**PROBLEM DESCRIPTION:** Restate word for word the lines of the records below, starting at the line that contains "New 2026 Chevrolet" and ending at the line that contains "Kadir Ahmed met een aantal van zijn producten. Kadir", with both of those lines included and nothing else.

(Items from a dataset)
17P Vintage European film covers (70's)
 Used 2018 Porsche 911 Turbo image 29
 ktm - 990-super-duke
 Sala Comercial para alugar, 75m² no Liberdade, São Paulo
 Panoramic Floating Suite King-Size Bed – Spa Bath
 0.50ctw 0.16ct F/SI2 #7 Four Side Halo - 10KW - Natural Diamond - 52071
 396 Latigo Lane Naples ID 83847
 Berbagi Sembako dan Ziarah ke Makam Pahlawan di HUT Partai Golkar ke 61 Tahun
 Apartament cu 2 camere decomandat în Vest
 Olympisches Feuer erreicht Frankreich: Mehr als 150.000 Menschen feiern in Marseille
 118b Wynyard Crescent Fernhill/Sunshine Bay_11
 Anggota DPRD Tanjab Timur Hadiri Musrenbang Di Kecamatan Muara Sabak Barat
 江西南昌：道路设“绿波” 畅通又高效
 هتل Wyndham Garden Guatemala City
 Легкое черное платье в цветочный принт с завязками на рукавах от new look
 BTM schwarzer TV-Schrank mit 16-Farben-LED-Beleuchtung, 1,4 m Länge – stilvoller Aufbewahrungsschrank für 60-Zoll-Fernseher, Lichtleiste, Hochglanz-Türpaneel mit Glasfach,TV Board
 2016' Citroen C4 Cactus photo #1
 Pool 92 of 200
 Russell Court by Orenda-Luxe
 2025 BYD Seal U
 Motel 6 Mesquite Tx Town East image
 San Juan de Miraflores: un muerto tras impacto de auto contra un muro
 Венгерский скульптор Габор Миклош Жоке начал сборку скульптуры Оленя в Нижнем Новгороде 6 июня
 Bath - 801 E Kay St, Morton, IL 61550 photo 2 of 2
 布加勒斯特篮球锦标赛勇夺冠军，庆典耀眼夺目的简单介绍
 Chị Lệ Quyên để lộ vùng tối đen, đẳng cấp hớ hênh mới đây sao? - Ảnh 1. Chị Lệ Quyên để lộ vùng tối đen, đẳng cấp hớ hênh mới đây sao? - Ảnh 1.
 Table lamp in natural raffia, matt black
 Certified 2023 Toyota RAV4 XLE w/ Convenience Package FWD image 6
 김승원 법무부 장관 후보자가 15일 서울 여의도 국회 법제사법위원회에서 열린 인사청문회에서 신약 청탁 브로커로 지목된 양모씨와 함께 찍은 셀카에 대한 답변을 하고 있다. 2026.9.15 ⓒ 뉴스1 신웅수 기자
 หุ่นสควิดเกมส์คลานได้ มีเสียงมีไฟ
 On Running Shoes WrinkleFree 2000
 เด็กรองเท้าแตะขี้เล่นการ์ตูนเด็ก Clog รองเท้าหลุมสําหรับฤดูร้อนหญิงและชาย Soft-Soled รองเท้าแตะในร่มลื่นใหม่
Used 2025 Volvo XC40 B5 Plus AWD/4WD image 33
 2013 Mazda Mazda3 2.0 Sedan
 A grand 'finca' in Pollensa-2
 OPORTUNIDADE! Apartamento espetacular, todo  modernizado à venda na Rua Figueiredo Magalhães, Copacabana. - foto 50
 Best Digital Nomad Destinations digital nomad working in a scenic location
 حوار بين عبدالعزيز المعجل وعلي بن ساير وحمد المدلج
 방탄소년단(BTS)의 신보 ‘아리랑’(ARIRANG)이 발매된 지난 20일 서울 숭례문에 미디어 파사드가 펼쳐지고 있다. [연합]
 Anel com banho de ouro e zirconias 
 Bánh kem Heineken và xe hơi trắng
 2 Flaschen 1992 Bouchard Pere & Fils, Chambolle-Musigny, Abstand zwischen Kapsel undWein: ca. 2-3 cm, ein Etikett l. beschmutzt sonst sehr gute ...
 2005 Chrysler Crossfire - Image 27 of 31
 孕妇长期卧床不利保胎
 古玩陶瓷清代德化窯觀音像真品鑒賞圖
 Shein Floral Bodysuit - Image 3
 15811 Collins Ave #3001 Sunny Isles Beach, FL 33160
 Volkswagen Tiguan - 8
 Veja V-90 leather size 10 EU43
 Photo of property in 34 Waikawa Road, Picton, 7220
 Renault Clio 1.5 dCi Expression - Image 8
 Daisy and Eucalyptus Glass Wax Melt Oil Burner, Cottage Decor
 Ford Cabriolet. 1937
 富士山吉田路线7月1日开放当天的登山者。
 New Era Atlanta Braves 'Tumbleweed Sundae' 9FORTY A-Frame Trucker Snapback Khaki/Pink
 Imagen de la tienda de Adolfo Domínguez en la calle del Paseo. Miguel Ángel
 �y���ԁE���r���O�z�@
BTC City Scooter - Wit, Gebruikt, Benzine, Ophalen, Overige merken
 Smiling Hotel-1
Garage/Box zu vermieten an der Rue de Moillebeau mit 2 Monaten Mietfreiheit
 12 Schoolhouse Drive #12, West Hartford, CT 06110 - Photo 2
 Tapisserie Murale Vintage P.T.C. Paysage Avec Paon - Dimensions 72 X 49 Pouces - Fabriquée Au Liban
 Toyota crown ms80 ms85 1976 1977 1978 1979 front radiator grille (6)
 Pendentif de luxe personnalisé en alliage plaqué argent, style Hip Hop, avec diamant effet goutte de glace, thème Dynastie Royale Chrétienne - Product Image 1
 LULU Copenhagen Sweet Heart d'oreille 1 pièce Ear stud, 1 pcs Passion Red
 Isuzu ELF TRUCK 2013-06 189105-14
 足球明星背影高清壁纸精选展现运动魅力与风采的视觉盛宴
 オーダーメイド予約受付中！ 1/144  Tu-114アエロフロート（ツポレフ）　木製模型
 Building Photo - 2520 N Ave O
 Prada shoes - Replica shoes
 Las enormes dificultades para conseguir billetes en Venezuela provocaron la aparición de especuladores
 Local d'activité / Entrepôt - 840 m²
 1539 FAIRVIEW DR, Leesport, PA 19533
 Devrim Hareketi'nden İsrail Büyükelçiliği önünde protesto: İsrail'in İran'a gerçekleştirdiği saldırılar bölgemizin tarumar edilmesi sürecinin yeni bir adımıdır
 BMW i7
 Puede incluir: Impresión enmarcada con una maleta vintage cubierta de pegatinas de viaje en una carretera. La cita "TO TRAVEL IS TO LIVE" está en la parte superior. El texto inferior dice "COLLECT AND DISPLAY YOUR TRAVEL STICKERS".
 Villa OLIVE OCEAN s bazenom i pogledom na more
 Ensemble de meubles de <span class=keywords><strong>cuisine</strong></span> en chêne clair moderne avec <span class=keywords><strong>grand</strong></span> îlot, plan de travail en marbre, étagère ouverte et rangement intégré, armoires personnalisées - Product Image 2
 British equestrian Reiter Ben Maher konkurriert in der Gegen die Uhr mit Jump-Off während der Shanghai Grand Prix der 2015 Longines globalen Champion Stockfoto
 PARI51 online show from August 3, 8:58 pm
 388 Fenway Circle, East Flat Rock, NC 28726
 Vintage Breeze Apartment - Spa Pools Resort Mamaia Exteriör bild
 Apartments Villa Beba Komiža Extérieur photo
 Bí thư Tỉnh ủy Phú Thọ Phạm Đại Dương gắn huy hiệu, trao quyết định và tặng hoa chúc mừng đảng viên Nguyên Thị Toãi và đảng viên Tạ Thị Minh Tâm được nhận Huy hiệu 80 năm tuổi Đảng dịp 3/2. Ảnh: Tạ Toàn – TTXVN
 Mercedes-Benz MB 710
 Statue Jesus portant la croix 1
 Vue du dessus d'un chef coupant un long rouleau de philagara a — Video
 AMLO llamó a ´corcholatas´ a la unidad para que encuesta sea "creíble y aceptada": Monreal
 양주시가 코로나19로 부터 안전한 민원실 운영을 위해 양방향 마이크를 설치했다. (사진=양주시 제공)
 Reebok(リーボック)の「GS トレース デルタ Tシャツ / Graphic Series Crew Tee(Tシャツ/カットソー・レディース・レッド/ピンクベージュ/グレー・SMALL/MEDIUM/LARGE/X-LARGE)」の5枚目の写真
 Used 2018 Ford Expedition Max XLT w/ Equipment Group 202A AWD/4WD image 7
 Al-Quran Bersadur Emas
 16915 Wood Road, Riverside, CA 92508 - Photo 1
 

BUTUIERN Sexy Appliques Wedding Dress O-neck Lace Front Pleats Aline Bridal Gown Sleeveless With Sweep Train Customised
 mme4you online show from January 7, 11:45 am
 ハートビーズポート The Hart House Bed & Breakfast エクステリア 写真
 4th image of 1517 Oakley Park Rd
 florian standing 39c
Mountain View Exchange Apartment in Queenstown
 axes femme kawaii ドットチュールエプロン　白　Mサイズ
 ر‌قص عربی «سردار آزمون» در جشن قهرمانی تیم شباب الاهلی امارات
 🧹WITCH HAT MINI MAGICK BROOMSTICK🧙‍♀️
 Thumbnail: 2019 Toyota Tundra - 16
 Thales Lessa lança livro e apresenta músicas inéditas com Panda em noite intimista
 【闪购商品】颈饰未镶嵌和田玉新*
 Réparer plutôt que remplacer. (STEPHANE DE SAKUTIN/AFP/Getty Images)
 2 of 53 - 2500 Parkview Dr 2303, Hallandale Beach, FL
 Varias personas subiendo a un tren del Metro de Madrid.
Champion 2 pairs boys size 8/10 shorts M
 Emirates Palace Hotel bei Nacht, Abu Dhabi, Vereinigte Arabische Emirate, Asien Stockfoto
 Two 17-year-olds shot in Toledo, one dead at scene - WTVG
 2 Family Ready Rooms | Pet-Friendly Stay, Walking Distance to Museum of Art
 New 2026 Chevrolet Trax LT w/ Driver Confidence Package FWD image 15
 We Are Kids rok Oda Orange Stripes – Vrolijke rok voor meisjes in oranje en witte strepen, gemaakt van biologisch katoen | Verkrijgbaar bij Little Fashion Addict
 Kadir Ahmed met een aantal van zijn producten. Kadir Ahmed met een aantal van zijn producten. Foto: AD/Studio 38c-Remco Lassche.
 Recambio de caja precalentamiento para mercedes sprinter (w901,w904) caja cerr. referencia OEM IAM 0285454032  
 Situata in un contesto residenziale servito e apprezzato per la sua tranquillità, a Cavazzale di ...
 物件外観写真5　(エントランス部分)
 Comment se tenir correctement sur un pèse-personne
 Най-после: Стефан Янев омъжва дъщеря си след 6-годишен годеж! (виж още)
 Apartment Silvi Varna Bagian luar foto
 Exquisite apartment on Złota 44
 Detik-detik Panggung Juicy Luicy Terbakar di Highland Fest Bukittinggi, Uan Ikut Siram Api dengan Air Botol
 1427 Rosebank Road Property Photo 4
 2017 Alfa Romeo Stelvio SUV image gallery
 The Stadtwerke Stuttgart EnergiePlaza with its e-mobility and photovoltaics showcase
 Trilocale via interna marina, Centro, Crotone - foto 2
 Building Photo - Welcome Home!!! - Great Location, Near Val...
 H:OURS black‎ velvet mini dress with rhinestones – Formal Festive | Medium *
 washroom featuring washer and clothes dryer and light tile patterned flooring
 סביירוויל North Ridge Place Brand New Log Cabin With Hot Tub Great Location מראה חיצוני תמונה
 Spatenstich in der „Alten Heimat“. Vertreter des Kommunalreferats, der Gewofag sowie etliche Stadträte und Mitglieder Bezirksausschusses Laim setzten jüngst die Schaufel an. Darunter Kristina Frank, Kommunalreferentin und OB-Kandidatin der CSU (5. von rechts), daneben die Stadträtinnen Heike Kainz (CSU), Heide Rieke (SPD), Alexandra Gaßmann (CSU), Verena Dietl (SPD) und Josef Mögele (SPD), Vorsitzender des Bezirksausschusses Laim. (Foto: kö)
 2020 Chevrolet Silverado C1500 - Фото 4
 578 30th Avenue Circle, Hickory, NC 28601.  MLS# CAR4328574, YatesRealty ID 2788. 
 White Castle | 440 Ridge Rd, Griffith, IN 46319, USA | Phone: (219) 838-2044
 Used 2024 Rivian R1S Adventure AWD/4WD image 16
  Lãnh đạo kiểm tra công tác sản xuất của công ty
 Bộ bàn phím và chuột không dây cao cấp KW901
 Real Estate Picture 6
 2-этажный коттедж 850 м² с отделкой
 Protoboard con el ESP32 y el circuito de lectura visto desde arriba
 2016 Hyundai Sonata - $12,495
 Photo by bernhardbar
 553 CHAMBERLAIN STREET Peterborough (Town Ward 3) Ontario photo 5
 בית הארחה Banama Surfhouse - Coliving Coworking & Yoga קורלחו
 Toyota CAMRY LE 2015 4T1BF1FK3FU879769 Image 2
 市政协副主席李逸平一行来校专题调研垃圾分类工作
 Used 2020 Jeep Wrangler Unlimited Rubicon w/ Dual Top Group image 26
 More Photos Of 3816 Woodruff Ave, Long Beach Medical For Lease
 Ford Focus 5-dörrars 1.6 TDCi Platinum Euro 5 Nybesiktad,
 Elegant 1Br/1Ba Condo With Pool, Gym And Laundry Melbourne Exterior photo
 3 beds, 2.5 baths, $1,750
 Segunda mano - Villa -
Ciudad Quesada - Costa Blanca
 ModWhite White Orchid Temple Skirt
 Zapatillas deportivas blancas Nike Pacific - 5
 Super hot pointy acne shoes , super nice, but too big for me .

**ANSWER TO THIS EXERCISE:**
 New 2026 Chevrolet Trax LT w/ Driver Confidence Package FWD image 15
 We Are Kids rok Oda Orange Stripes – Vrolijke rok voor meisjes in oranje en witte strepen, gemaakt van biologisch katoen | Verkrijgbaar bij Little Fashion Addict
 Kadir Ahmed met een aantal van zijn producten. Kadir Ahmed met een aantal van zijn producten. Foto: AD/Studio 38c-Remco Lassche.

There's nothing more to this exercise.